• Data excerpt:
================

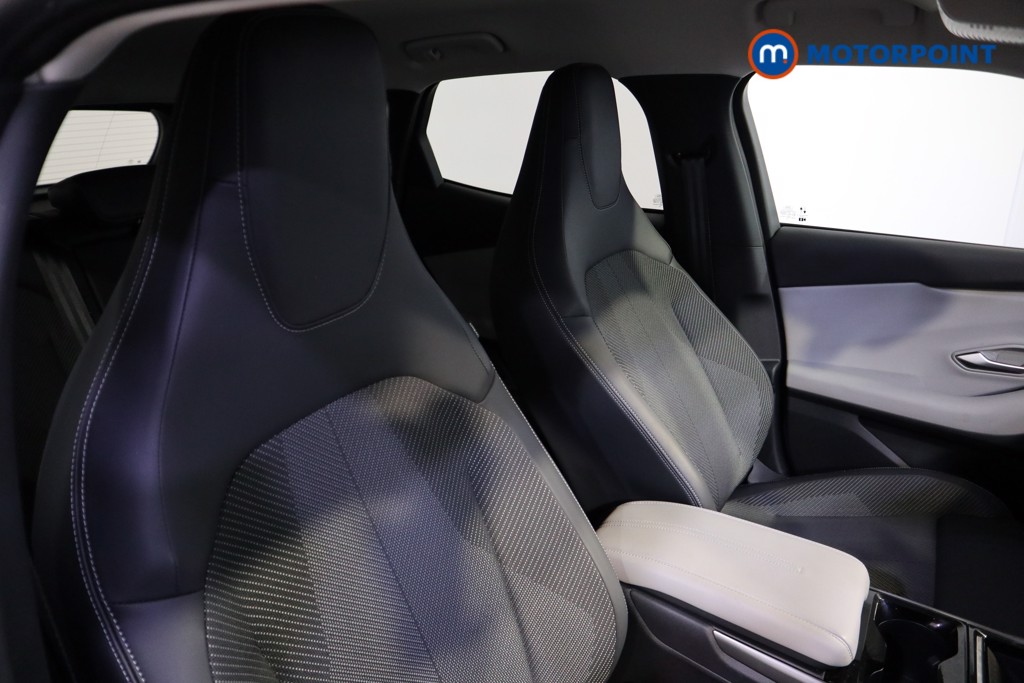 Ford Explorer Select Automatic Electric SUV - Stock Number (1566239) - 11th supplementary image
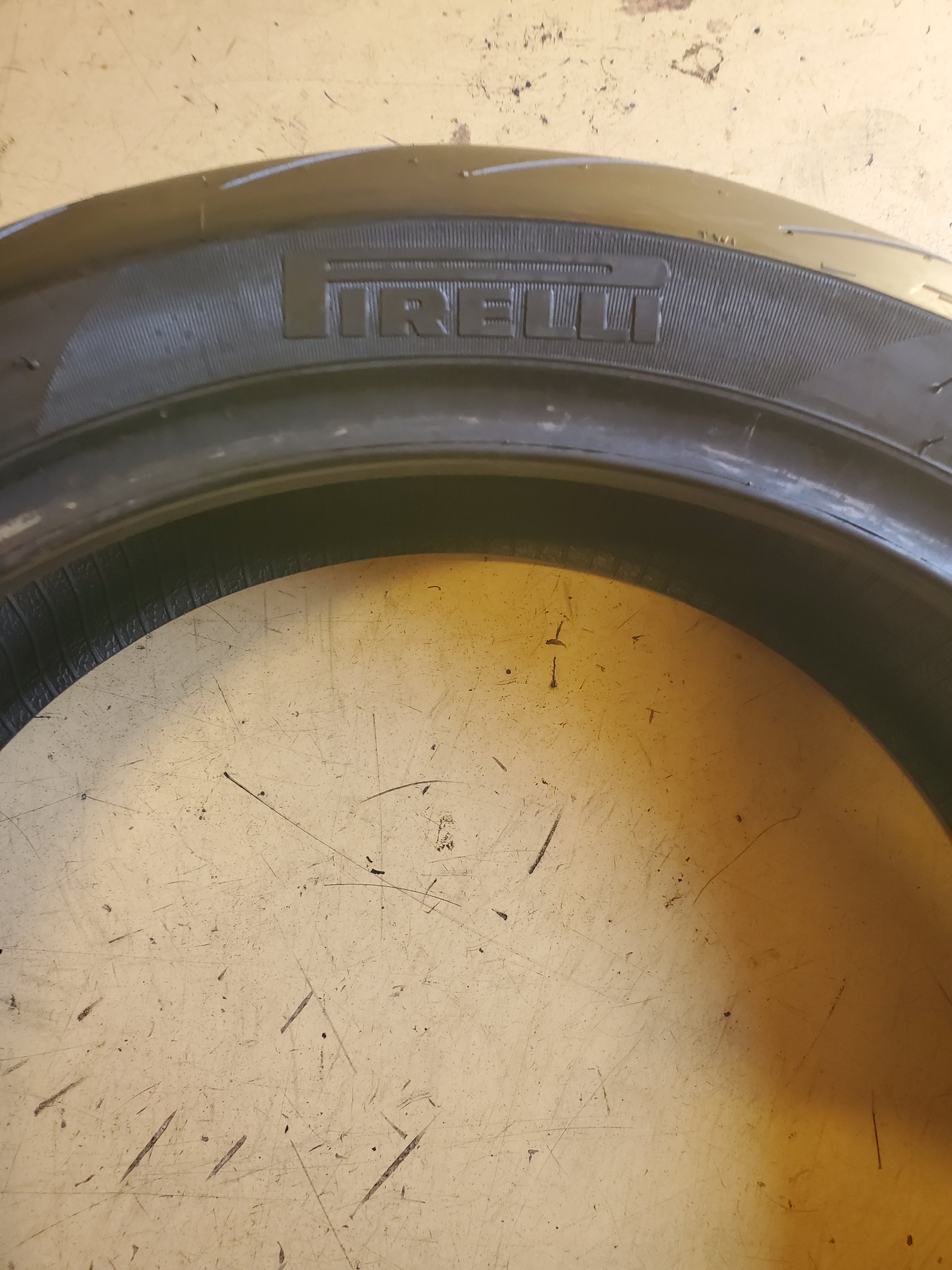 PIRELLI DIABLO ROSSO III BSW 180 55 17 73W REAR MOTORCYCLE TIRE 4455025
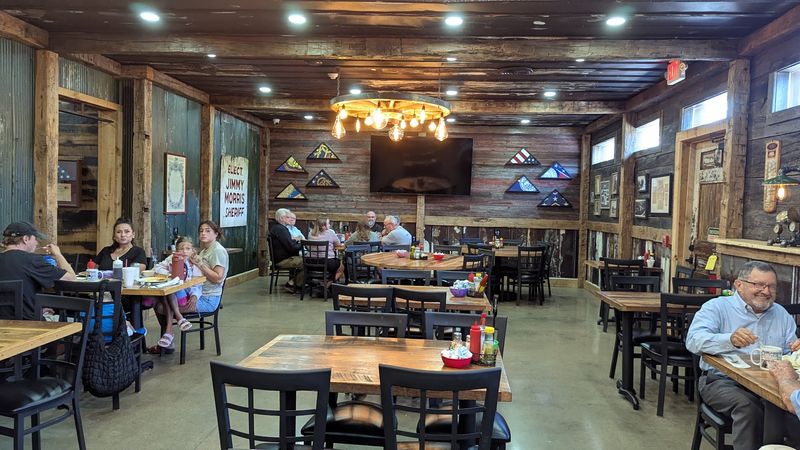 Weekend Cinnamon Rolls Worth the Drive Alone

================

• Aim of the task:
From the line that holds "PIRELLI DIABLO ROSSO" down to the last line of the material above, every line is to be copied exactly, both ends included; pictures are to be omitted.

• Task answer:
 PIRELLI DIABLO ROSSO III BSW 180 55 17 73W REAR MOTORCYCLE TIRE 4455025
 Weekend Cinnamon Rolls Worth the Drive Alone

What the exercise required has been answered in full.